Task instructions ::
Return the lines of the listing below exactly as they appear, beginning at the one with "Jaguar I-Pace Is European Car of The Year" and stopping after the one with "Chapman & Myers"; do not include pictures.

Supplied information ::
== Segment start ==

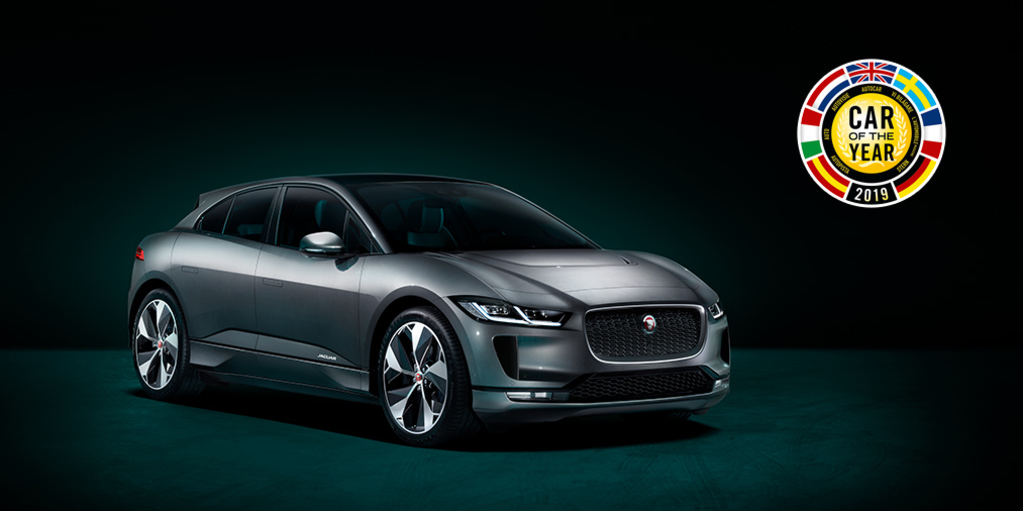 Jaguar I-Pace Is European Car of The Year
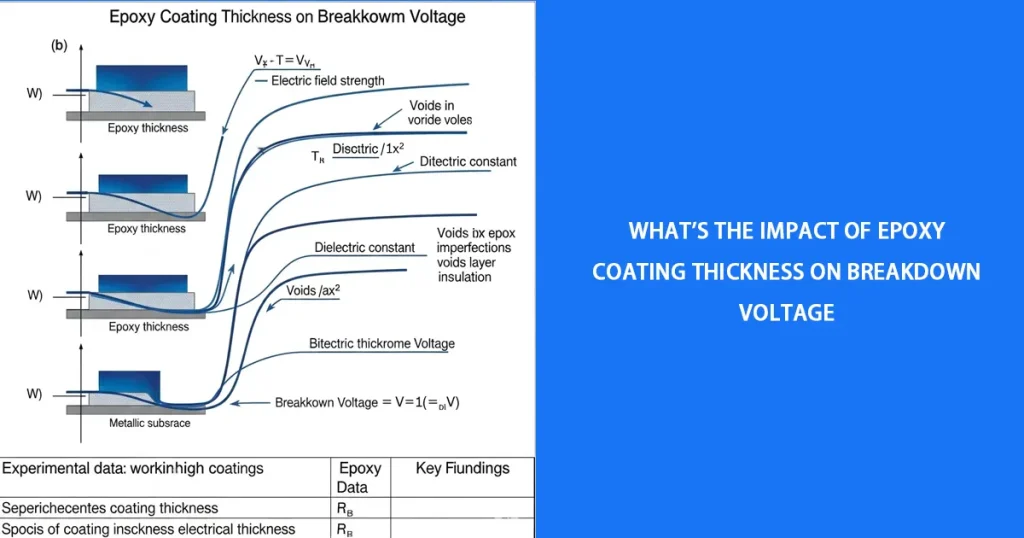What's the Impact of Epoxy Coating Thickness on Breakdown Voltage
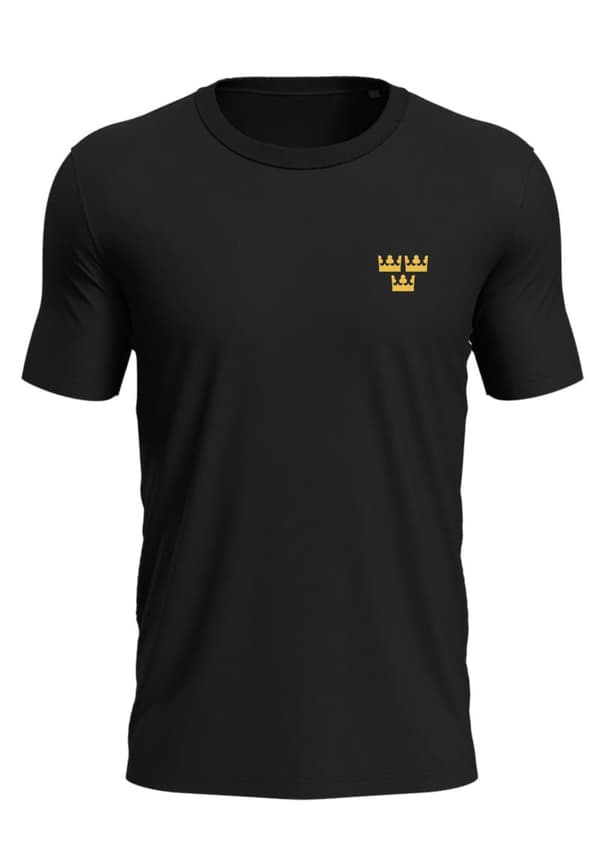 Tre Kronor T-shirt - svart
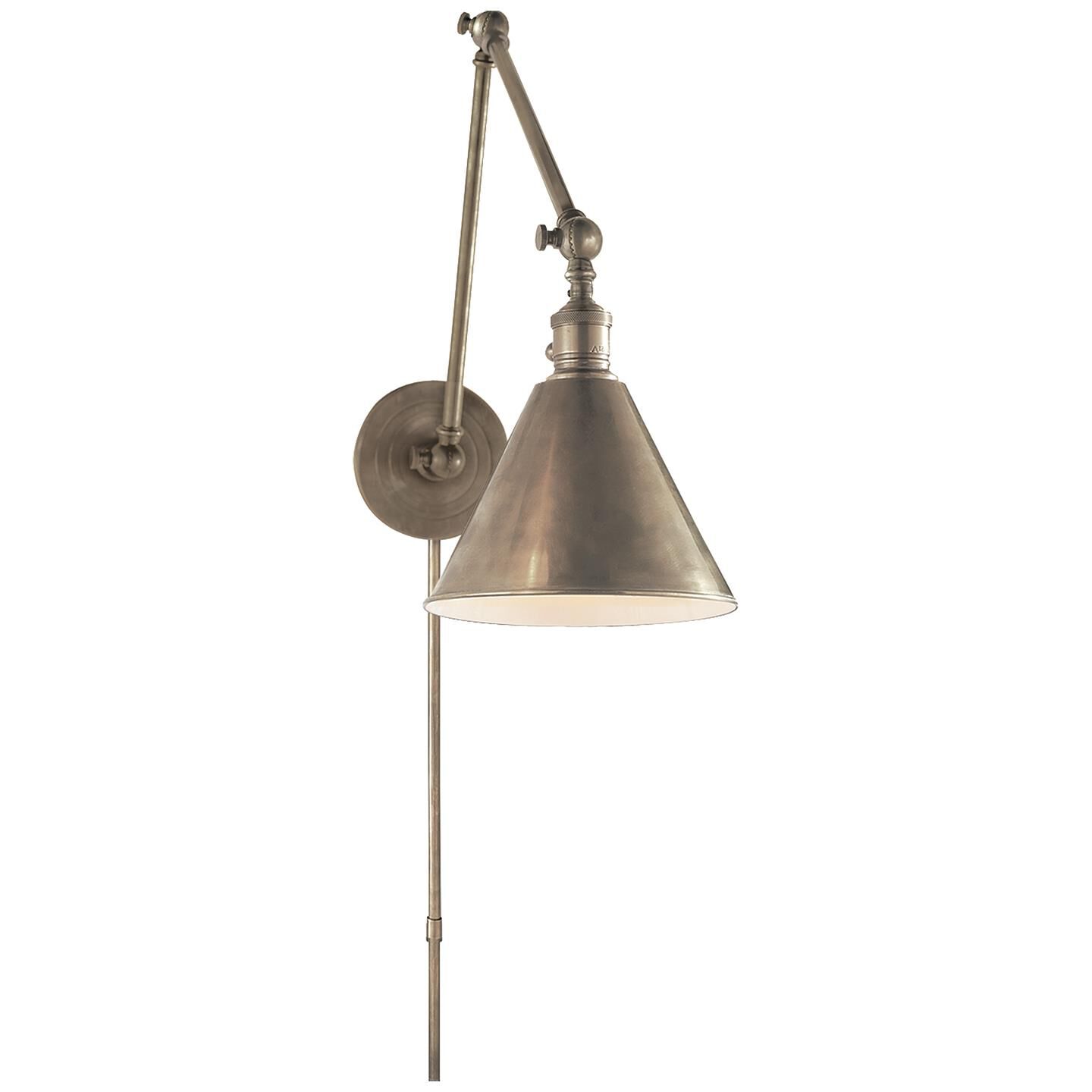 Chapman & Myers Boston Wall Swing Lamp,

== Segment end ==
== Segment start ==

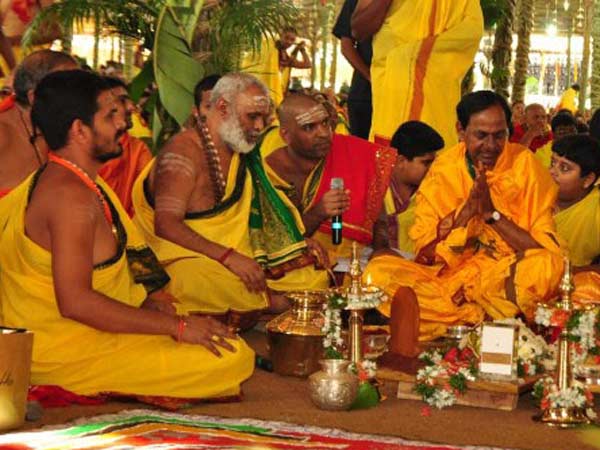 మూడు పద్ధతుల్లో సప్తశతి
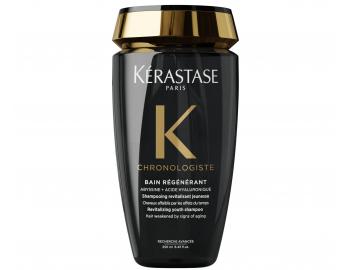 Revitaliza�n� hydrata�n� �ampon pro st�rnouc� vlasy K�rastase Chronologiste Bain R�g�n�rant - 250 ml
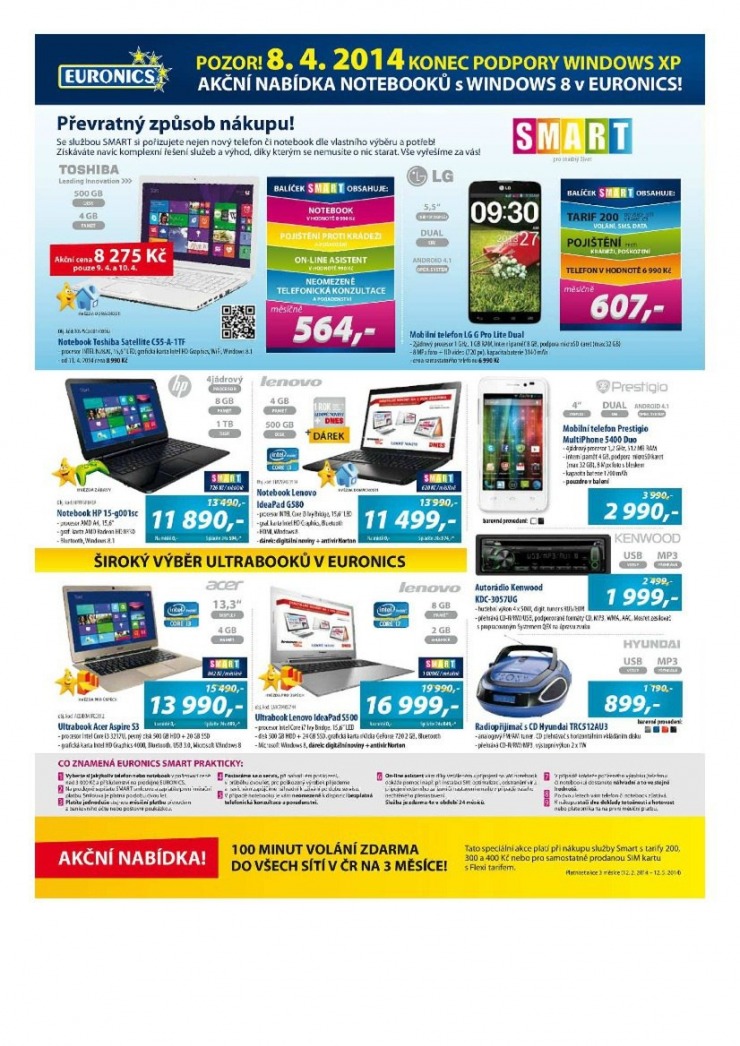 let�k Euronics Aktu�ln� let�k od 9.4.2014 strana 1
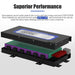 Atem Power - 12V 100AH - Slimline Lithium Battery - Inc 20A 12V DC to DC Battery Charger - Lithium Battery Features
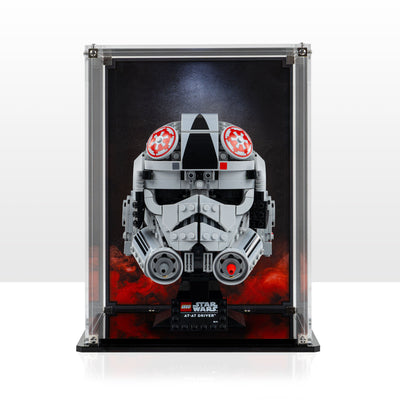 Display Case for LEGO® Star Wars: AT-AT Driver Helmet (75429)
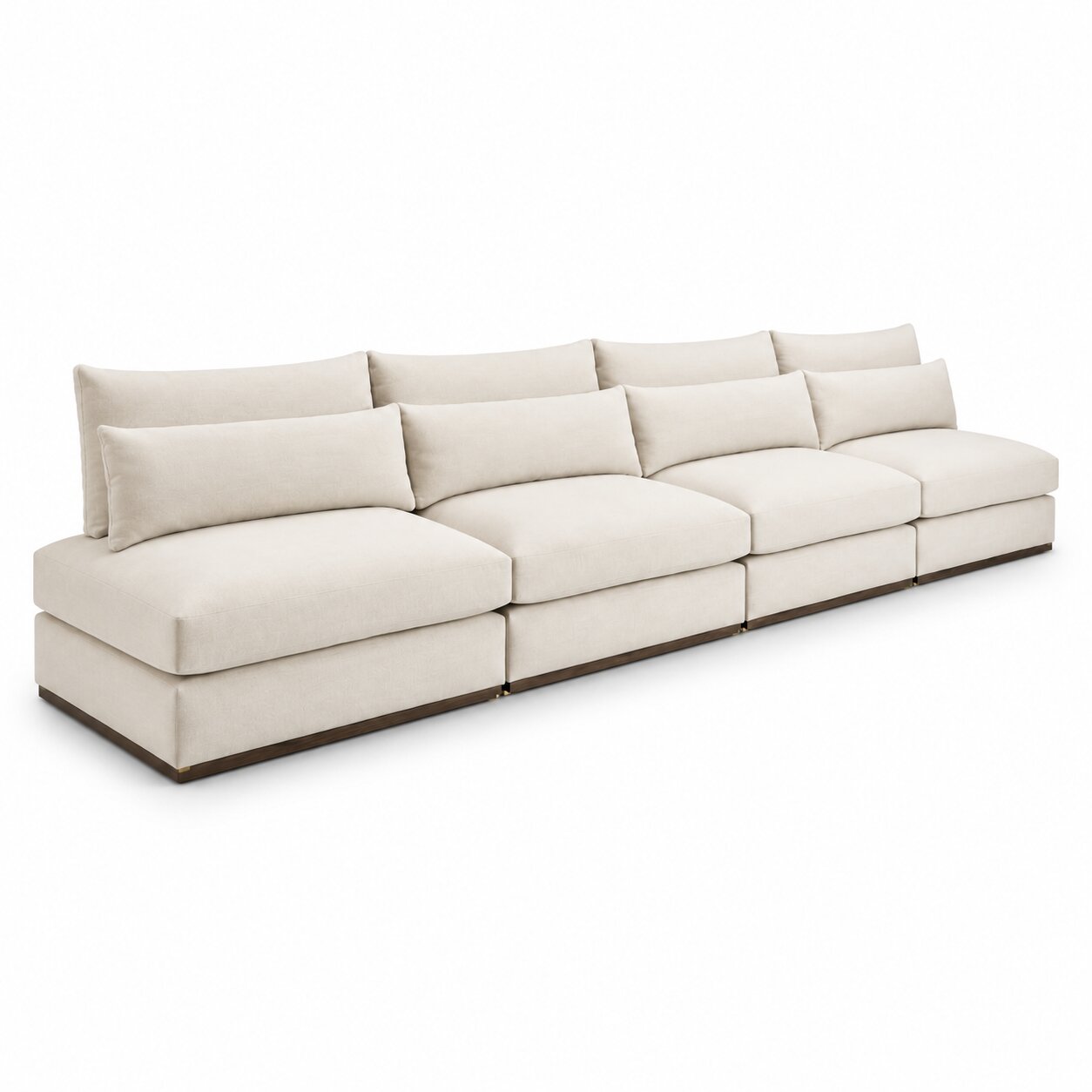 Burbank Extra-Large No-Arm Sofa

== Segment end ==

Solution for this exercise ::
 Jaguar I-Pace Is European Car of The Year
What's the Impact of Epoxy Coating Thickness on Breakdown Voltage
 Tre Kronor T-shirt - svart
 Chapman & Myers Boston Wall Swing Lamp,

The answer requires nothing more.